The popular view was that either John Head or Henry Cutting, or indeed both had been washed out of the boat and that the Lifeboat was actually looking for them. This scenario could be the answer as to why the Lifeboat was in that position, but we shall never know. On the evening of the following day an Inquest was opened at Rye Town Hall, with the Rye Borough Coroner Dr. T. Harrett presiding. The sea worthiness of the Lifeboat and competence of the crew were called into question, but it was emphatically stated that the boat and her crew were absolutely efficient.

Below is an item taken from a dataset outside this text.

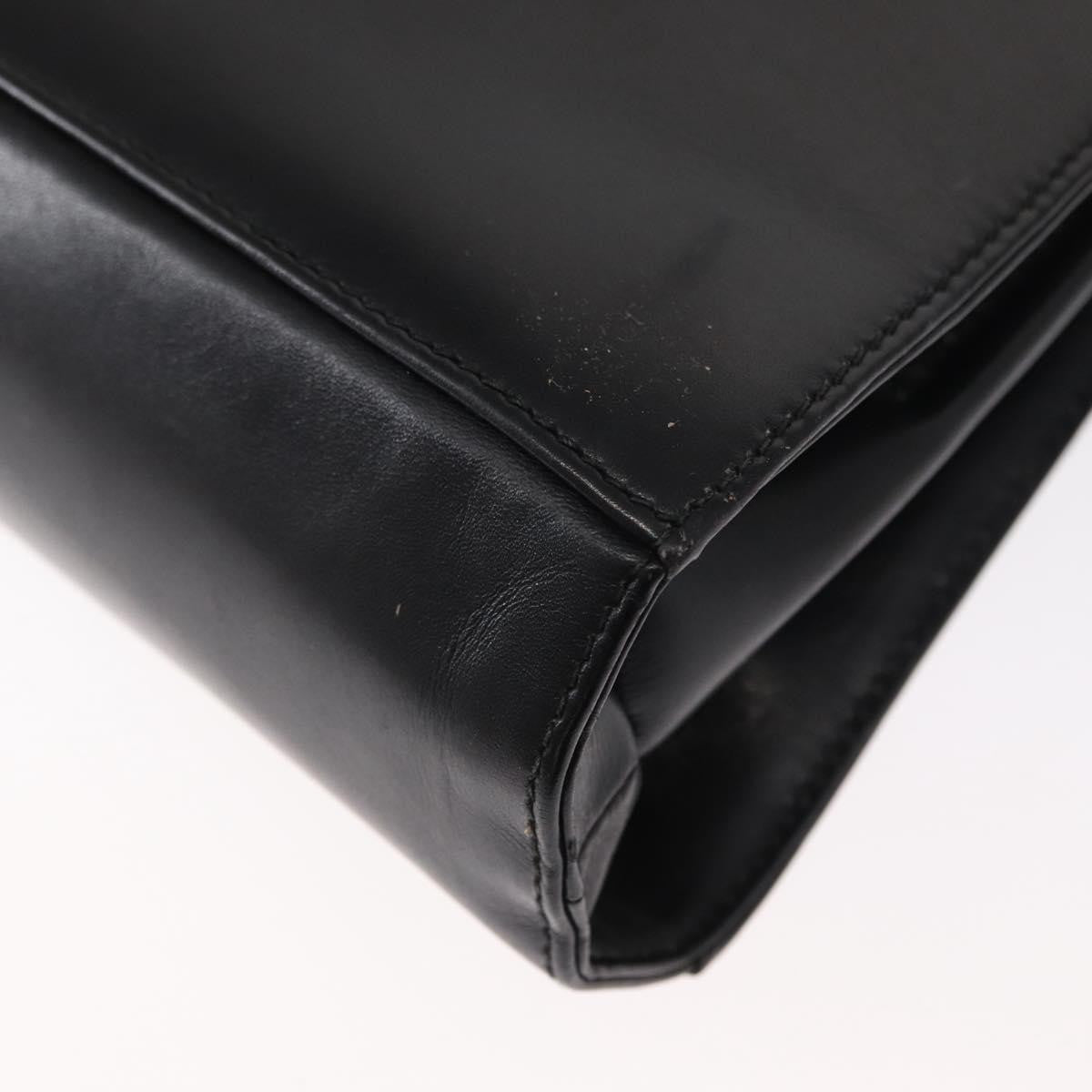 Salvatore Ferragamo Gancini Convertible Top Handle Bag Leather Black Leather Handbag (Pre-Owned)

After evidence of identification and eye witness accounts were given, the Inquest was adjourned until the following evening. On the following evening, accusations were made about the suitability of the Lifejackets. They were said to be perished and worn. As a result they had become water logged and would weigh a man down and drown him. In response the RNLI stated KAPOK N o 3 Lifejacket was adopted by the RNLI in 1917 and were delivered to Rye Harbour in September of that year. The Lifejackets were tried in a heavy gale on the 30th October 1917, and later voted 11 – 6 by the crew as being the most preferred type. The Coroner recorded a verdict of death by accident. In response to the accusations, the RNLI asked the Board of Trade to hold a full enquiry into the disaster. On Tuesday the 20 November the funeral was held. 15 of the crew were buried in a communal grave on that day. When Henry Cutting’s body was found at Eastbourne 3 months later, it was bought back home to be interred in the communal grave with his fellow crew members. Sadly, John Head’s body was never recovered.
Hundreds of mourners from all over the country attended the funeral. Members of the Latvian Government were among the dignitaries present, recognising that the men had lost their lives going to the assistance of a Latvian Vessel. The crew of the Mary Stanford had grown up together, worked and laughed together and were buried together. The Board of Trade Court of Enquiry sat at Rye Town Hall on December 19, 20 and 21 and the following January 1, 2nd and 4th and after all their deliberation the court finally announced:
“As there were no survivors of the crew, the cause of the Lifeboat capsizing is a matter of conjecture, but from the evidence available we are of the opinion that whilst attempting to make the Harbour on a strong flood tide and in high and dangerous breaking sea, she was suddenly capsized and the crew were thrown into the water, two men being entangled under the boat. The broken water and heavy surf caused the loss of the crew”.
The Mary Stanford was eventually taken to RNLI depot at Poplar in east London, where she was dismantled and broken up.